An externally-corrected size-extensive single-root MRCC formalism: its kinship with the rigorously size-extensive state-specific MRCC theory

Abstract

The rigorously size-extensive intruder-free state-specific multi-reference coupled cluster theory (SSMRCC) developed by Mukherjee and coworkers [J. Chem. Phys. 110 (1999) 6171] makes use of the Jeziorski-Monkhorst Ansatz [Ω = ∑_μexp(T^μ)| Φ_μΧΦ_μ|] involving a different cluster operator exp(T^μ) acting on its corresponding model function Φ_μ. The resulting equations involve a coupling between the cluster operators for all the μ as demanded by the rigorous requirement of size-extensivity.

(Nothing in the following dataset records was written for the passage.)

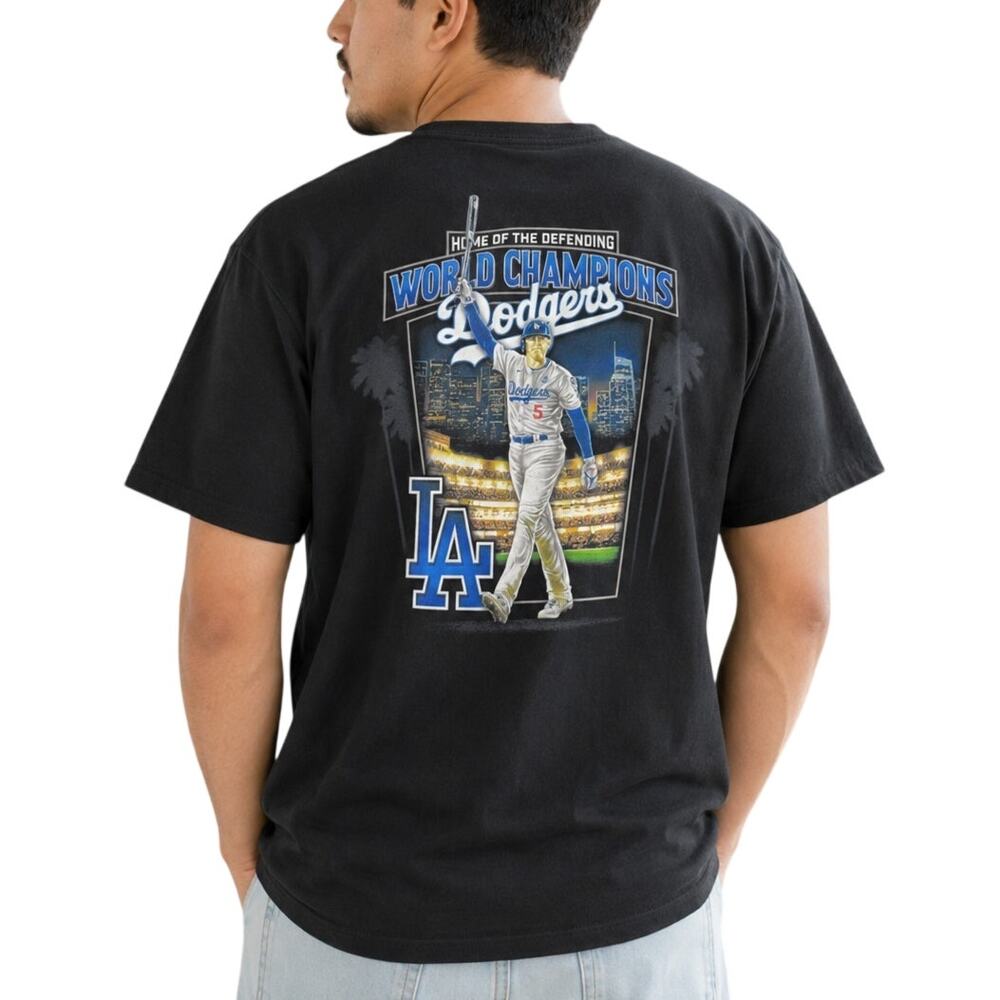 LA Dodgers Freddie Freeman World Champions T Shirt XL MLB Championship Tee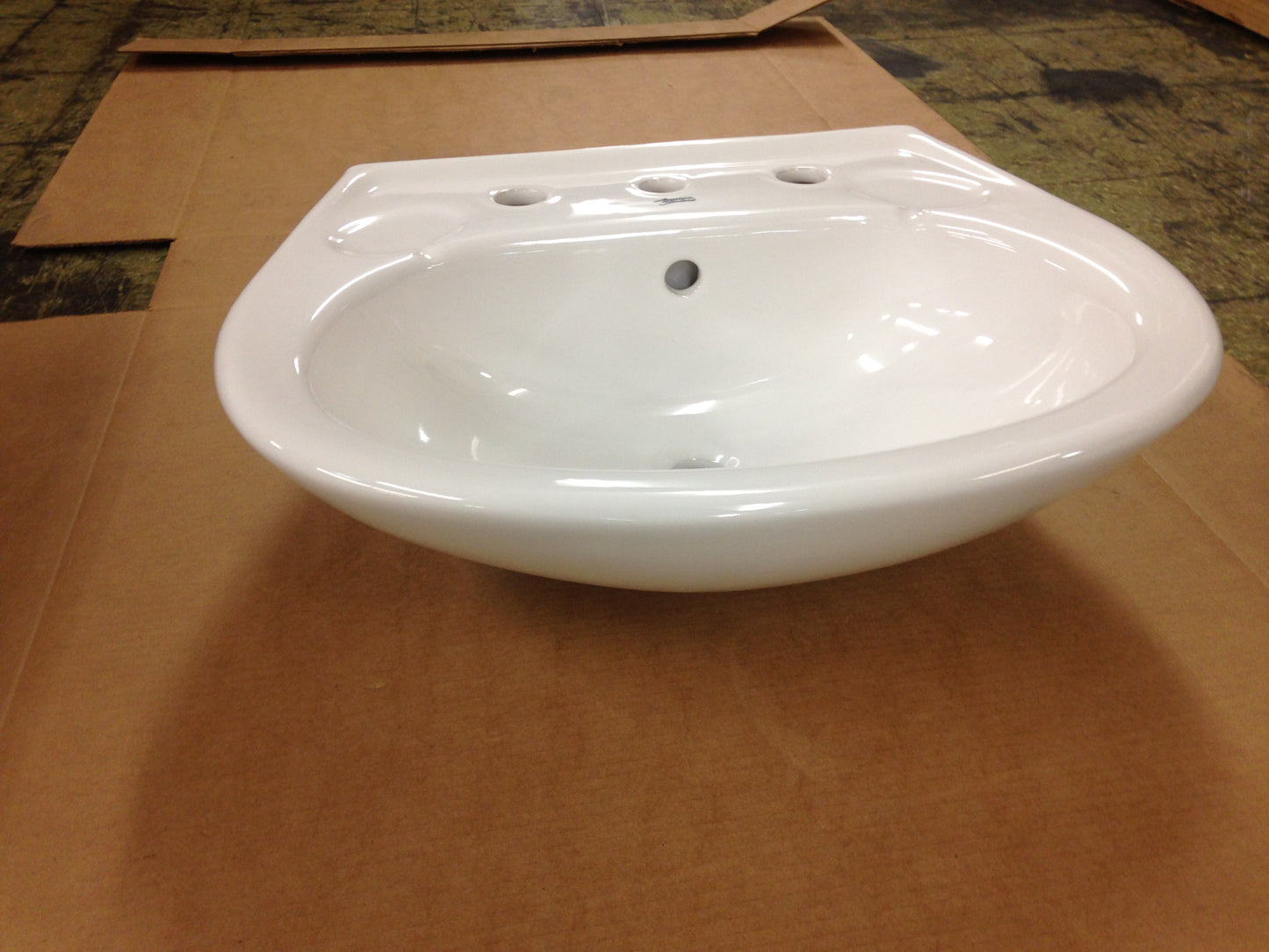 FIESTA PEDESTAL SINK, COLOR:WHITE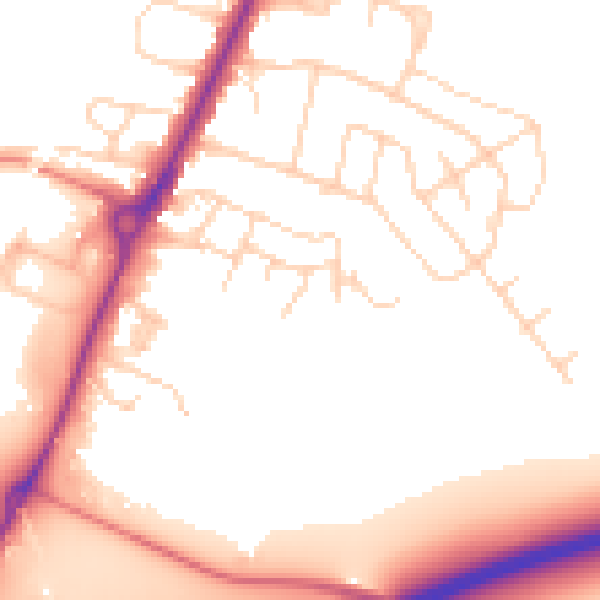 Daytime road noise heatmap for YO24 1UN
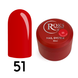 Cover Base - Без ТРО ROKS 30ml. №51 - Класична червона CBR30051 фото 1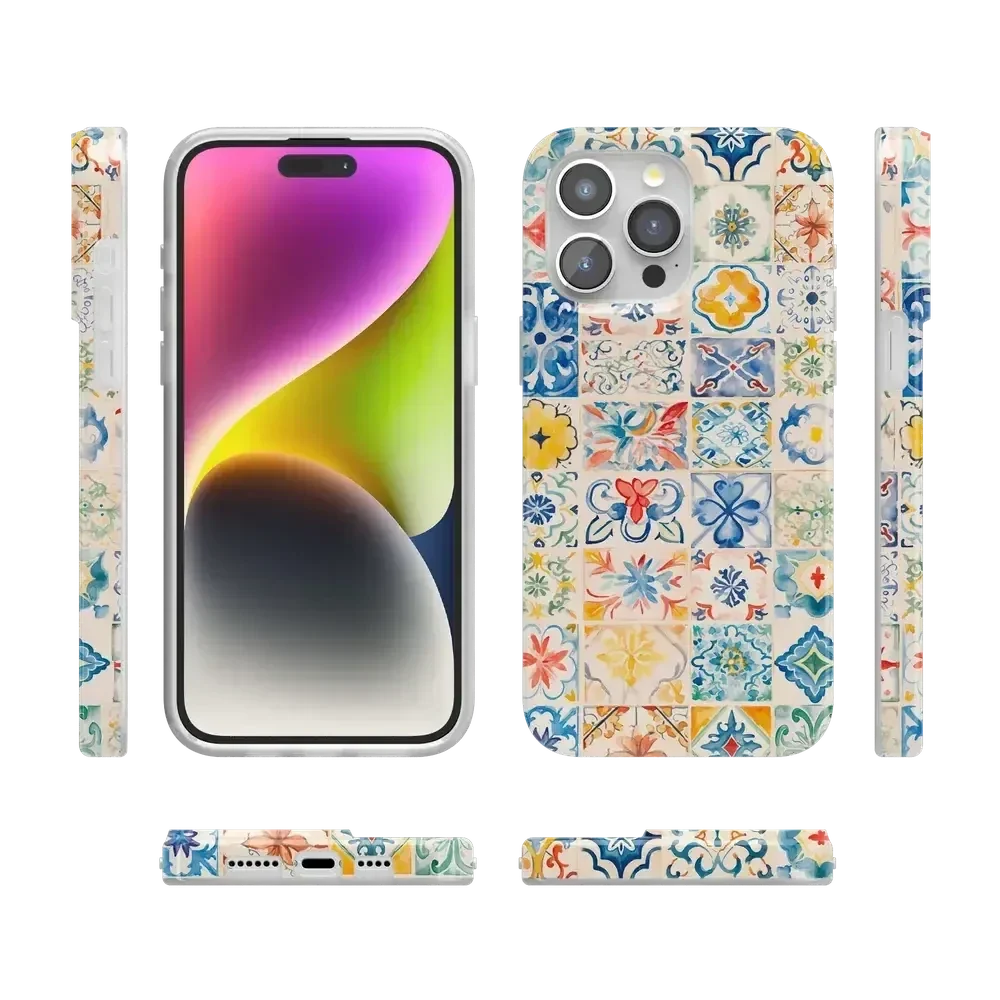 Tuscan Tiles | Dolce Vita Case iPhone Case get.casely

If one wishes a size-extensive formalism where such couplings are minimal, one will have to replace the exact coupling term by hand where only T^μ for a given Φ_μ appears. In this paper, we propose such an externally corrected size-extensive single-root multi-reference CC (ecsr-MRCC) formalism, which is intruder-free and simpler in structure as compared to the parent SSMRCC theory. Our intention in this paper is not to replace or underplay the efficacy of the rigorous SSMRCC theory, but to indicate how a simple external correction leads to results of similar quality where the coupling of T^μs for various μ are avoided. Kinship of the ecsr-MRCC formalism with the parent SSMRCC, and certain other allied MRCC theories will also be discussed. The performance of the method will be assessed by applying it to H4, BeH₂, F₂ and CH₂, and comparing them against the SSMRCC results, benchmark full CI results (when available), and those from the allied MRCC formalisms. The encouraging results indicate that this simple modification leads to equations with the minimal coupling without unduly sacrificing the accuracy.